Why Canada may have missed the boat on building a viable LNG industry – by Claudia Cattaneo (Financial Post – May 6, 2017)

http://business.financialpost.com/

“The company now owns the only LNG project out of the 20 or so proposed for
the B.C. coast that is poised for takeoff. The rest are on hold, being
restructured or dropped, casualties of snail-paced government decision-
making, tough regulations, environmental and aboriginal opposition, and
changing market conditions, while the United States has already forged
a formidable LNG industry of its own.”

SQUAMISH, B.C. — The race to build a liquefied natural gas industry in British Columbia has had many twists and turns this decade and could be headed for another sharp one if the May 9 provincial election results in a change in government. But one of the oddest is found by taking a boat across Howe Sound — a network of spectacular fjords just north of Vancouver — to an abandoned pulp mill site on the traditional territory of the Squamish Nation.

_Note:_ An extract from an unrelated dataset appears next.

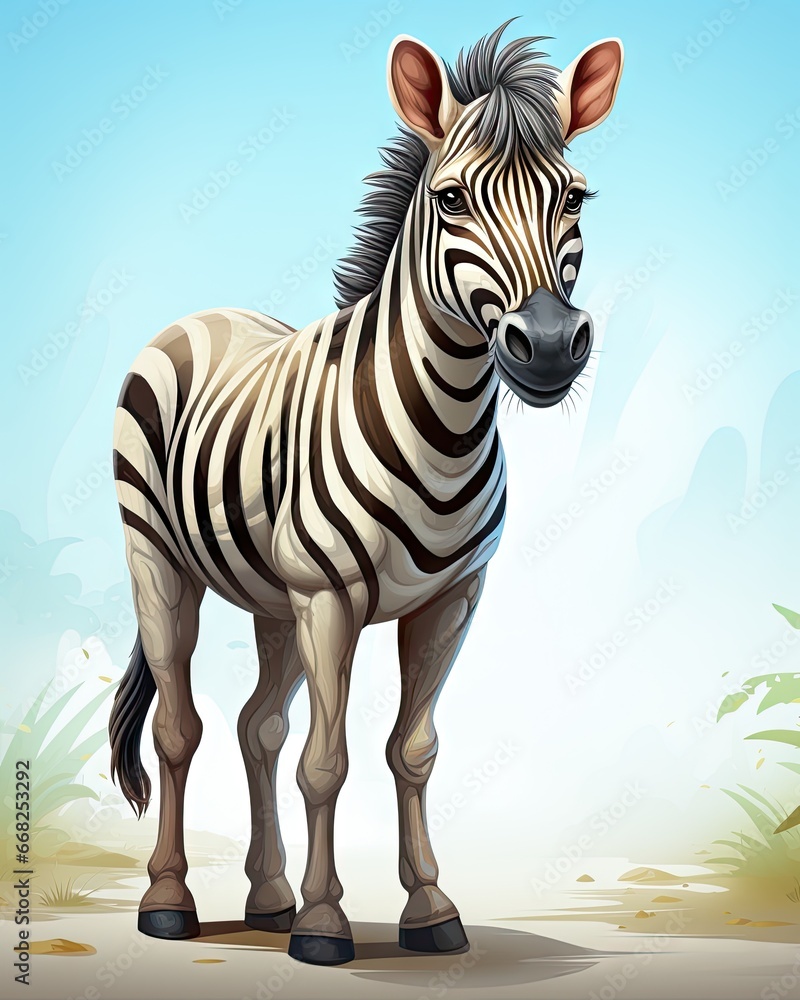 Poster a zebra standing in the middle of a field of grass. generative ai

The tranquil area, flanked by mountains and accessible only by water or helicopter, used to house a bustling community of nearly 1,000 people who toiled in one of Canada’s busiest mills, known as Woodfibre, complete with staff housing, bowling alleys and even churches.

The mill was shut down in 2006 after a century of operation, leaving behind significant environmental damage; a cluster of buildings including an ample warehouse, an old power station and storm-damaged docks that either had to be fixed or demolished; and an aboriginal community motivated to see its ancestral land cleaned up and put to good use.

A company that has become known as Woodfibre LNG Ltd. identified the fixer-upper as the ideal location to build a $1.6-billion liquefied natural gas plant, went all out to get support from the surrounding community, and worked out a trailblazing partnership with the Squamish Nation that involved Canada’s first environmental assessment by an aboriginal community.

The company now owns the only LNG project out of the 20 or so proposed for the B.C. coast that is poised for takeoff. The rest are on hold, being restructured or dropped, casualties of snail-paced government decision-making, tough regulations, environmental and aboriginal opposition, and changing market conditions, while the United States has already forged a formidable LNG industry of its own.